What surprised me about the response to my Facebook post (on which 9 people over a total of over 80 comments) was that it quickly came to focus on questions of polity, specifically about the relative merits of Congregational and Presbyterian ecclesial practice (almost nothing was offered about the ecclesiological foundations of these two polities which is disappointing but unsurprising).
Some (one suspects from larger churches) argued that the best course of action was to free the most vigorous of our fellowships from the denomination by a move towards either a Congregationalist polity like that of the Baptists or towards full independency for these churches (presumably by adopting a more permissive attitude towards congregations that wish to secede fully or partially from the denomination, a proposal I have heard made before).
Others vigorously rejected any weakening of our, effectively, Presbyterian polity, and indeed voiced the desire to strengthen our Presbyterian identity, which is currently very much diminished by the lack of Presbyteries.
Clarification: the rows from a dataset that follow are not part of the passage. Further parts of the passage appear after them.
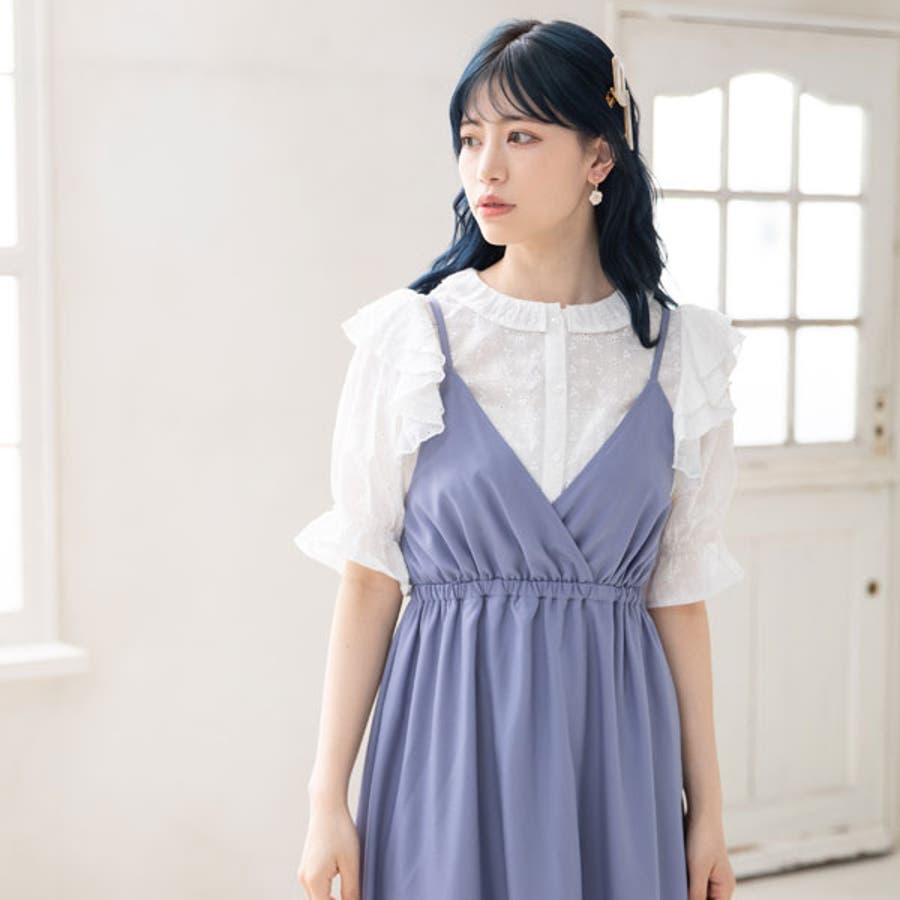 バックリボンワンピース 韓国 オルチャン 夢展望 品番 Yu 夢展望 ユメテンボウ のレディースファッション通販 Shoplist ショップリスト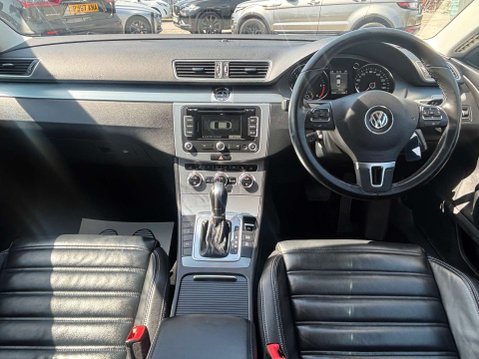 Volkswagen CC 2.0 CC GT BlueMotion Technology TDI Semi-Auto 4dr 36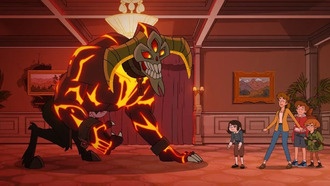 Новый трейлер анимационного сериала «Отель с приведениями» от создателя «Рика и Морти»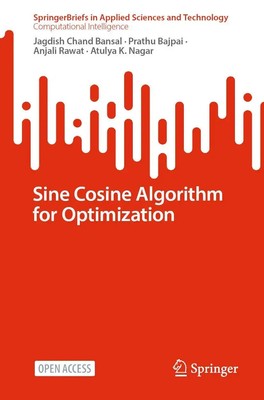 Jagdish Chand Bansal (u. a.) | Sine Cosine Algorithm for Optimization | Buch | x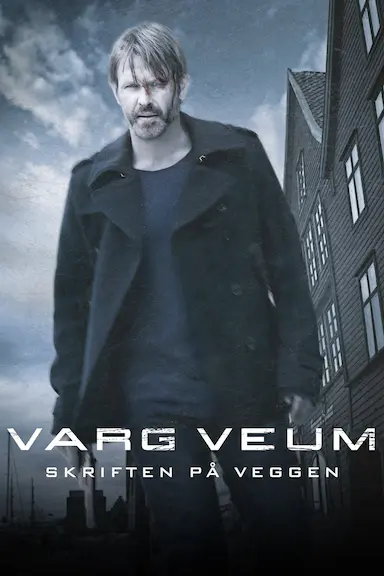Varg Veum II - Skriften på veggen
Synods stand in place of a Presbyterial structure but they are totally ineffective in this role (in my view) because they are too big and don’t meet often enough to allow the development of the mutual knowledge and accountability Presbyterianism is intended to embody.
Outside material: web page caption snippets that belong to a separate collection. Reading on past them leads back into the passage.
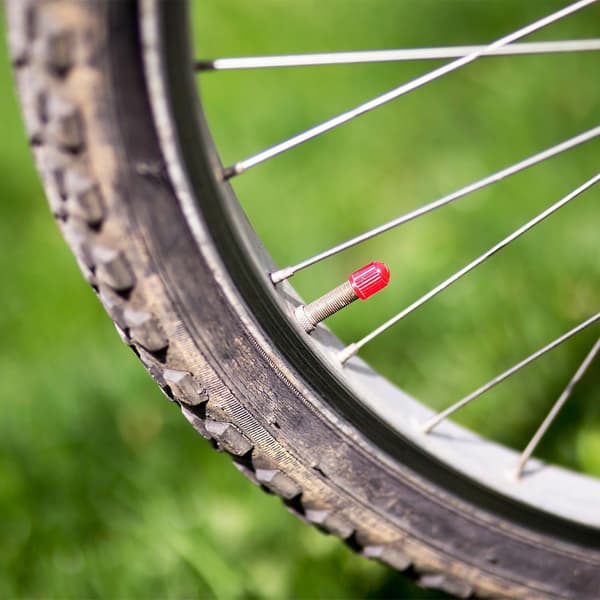 20 stk. Dækventilstøvhætter til Bil Motorcykel Lastbil Cykel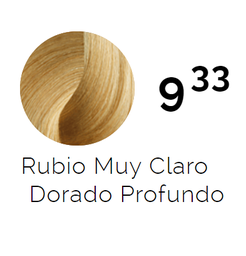 [40032100] TINTURA ISSUE SACHET 933 RUBIO MUY CLARO DORADO PROFU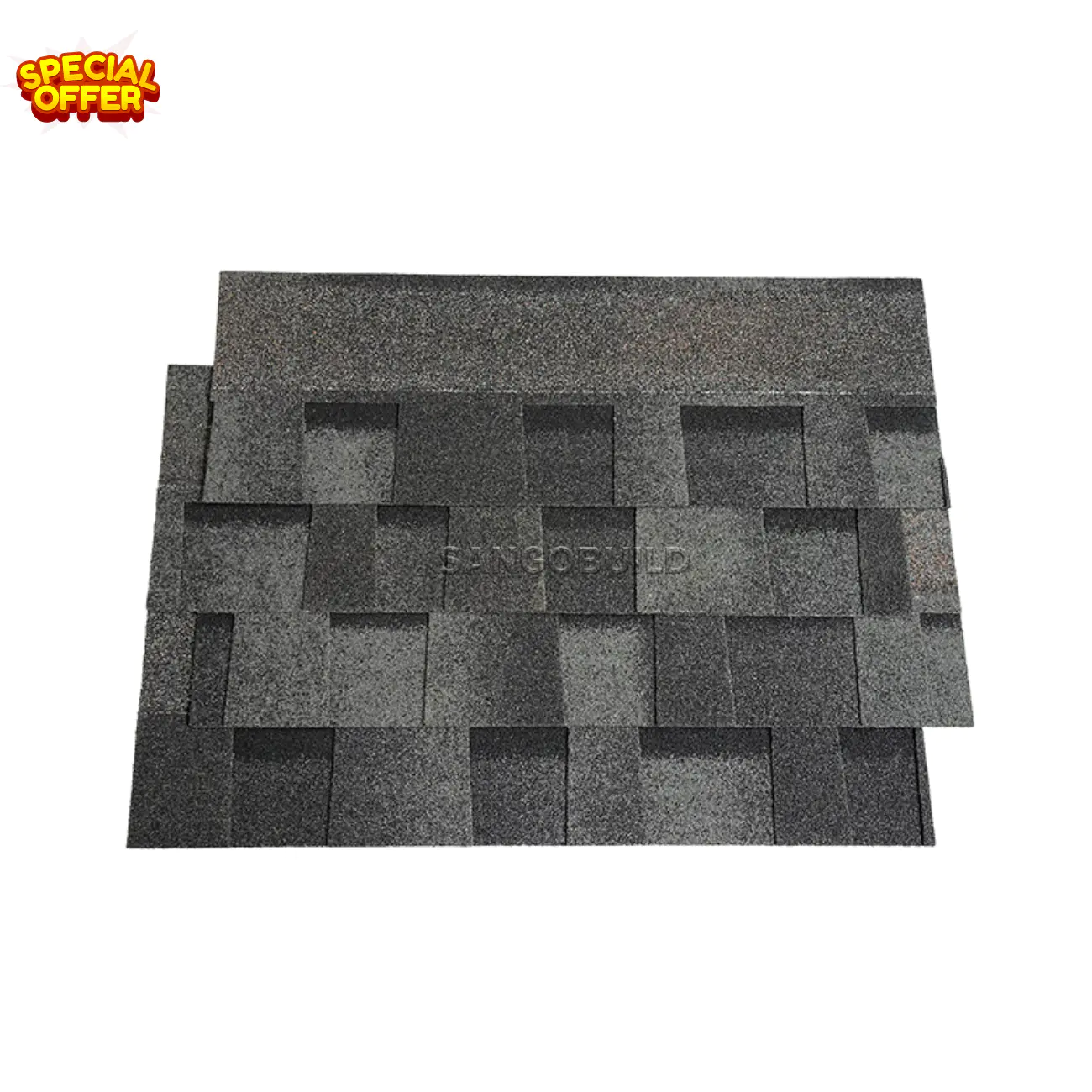 KAWARA Metal Composite Roof Tile,Hangzhou Singer Building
This debate reflects a deep incoherence in our denomination that is, as so many things are, at once a strength and a weakness. It has allowed us to manage and live with deep differences on a range of matters without dividing (infant baptism and attitudes to human sexuality are two obvious lines of division but there are many more) and that is, in my view, a good thing. The price we pay, though, is that we have no way to explore and decide anything that is at all difficult. Our decision making structures can’t really build true consensus in the way that is required for any genuine process of conciliar discernment of the Spirit’s leading. We describe ourselves as a conciliar church but I would suggest that we are, in point of fact, a bureaucratic denomination in which all real decisions are taken by committees which are largely self-selecting. These decisions in turn can’t lead to any real change in the denomination as a whole because they command insufficient support and legitimacy across it. They are either ignored are overturned (as all recent central initiatives demonstrate).
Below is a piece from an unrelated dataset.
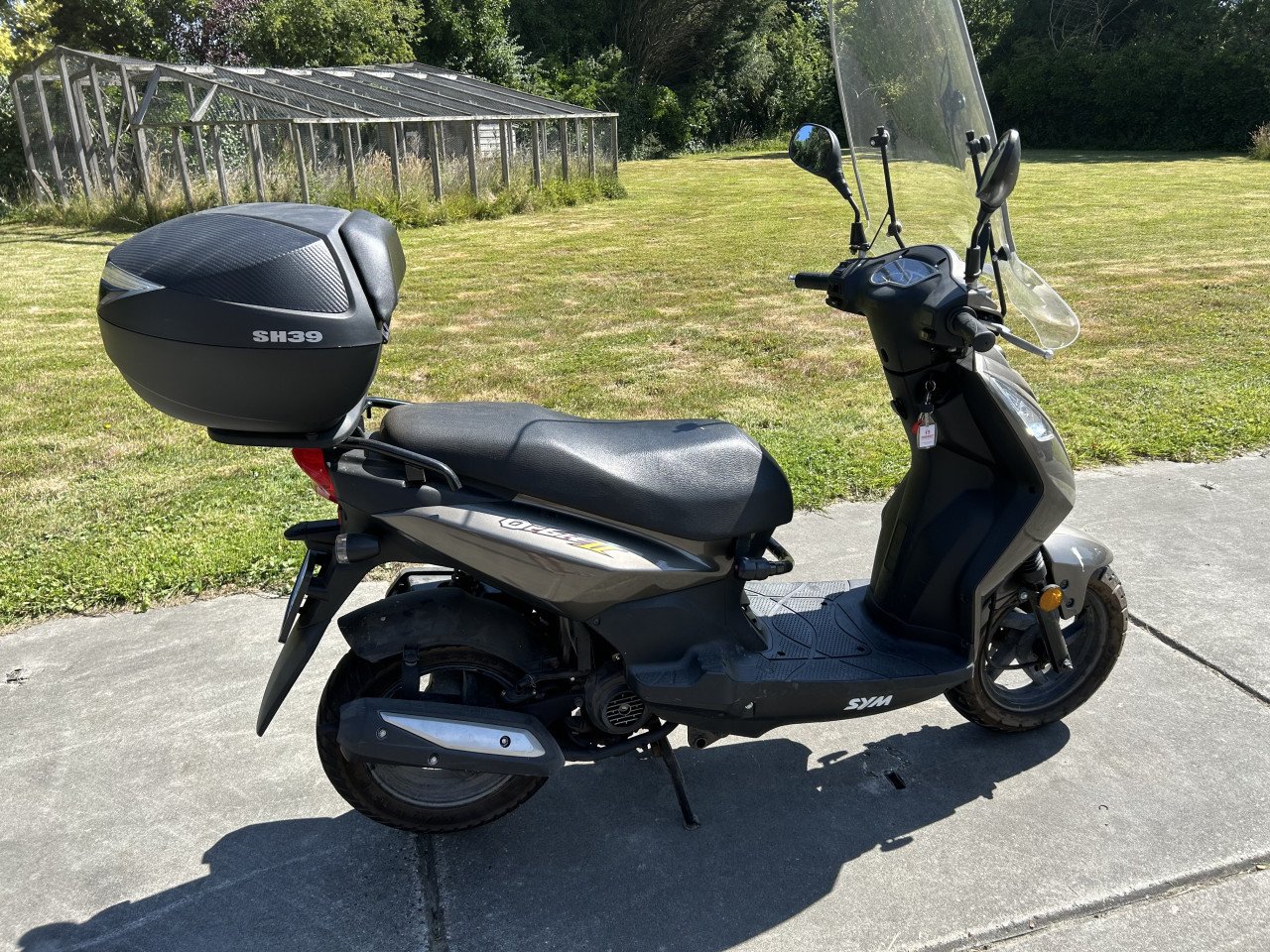 Scooter te koop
Thus we both need to take some really fundamental decisions at denominational level and are structurally incapable of doing so, That’s why we need to talk about polity, not as a dry and abstract discussion of organisational structure, but a living and deeply theological and theocentric conversation about how we communally are to seek God’s will for us. Is God’s will found, as Congregationalists have always believed, in a local, gathered covenant community, or is it rather found, as Presbyterians have always believed, in the Church as an expression of some larger community? (Where the legitimacy of that corporate Church derives from in dissenting Presbyterianism is a problem, although one that can be solved through Confessional loyalty.)
At any rate I am afraid that the contradiction between Congregational and Presbyterian ecclesiologies may have to faced squarely if we are do anything other than grimly delay the inevitable.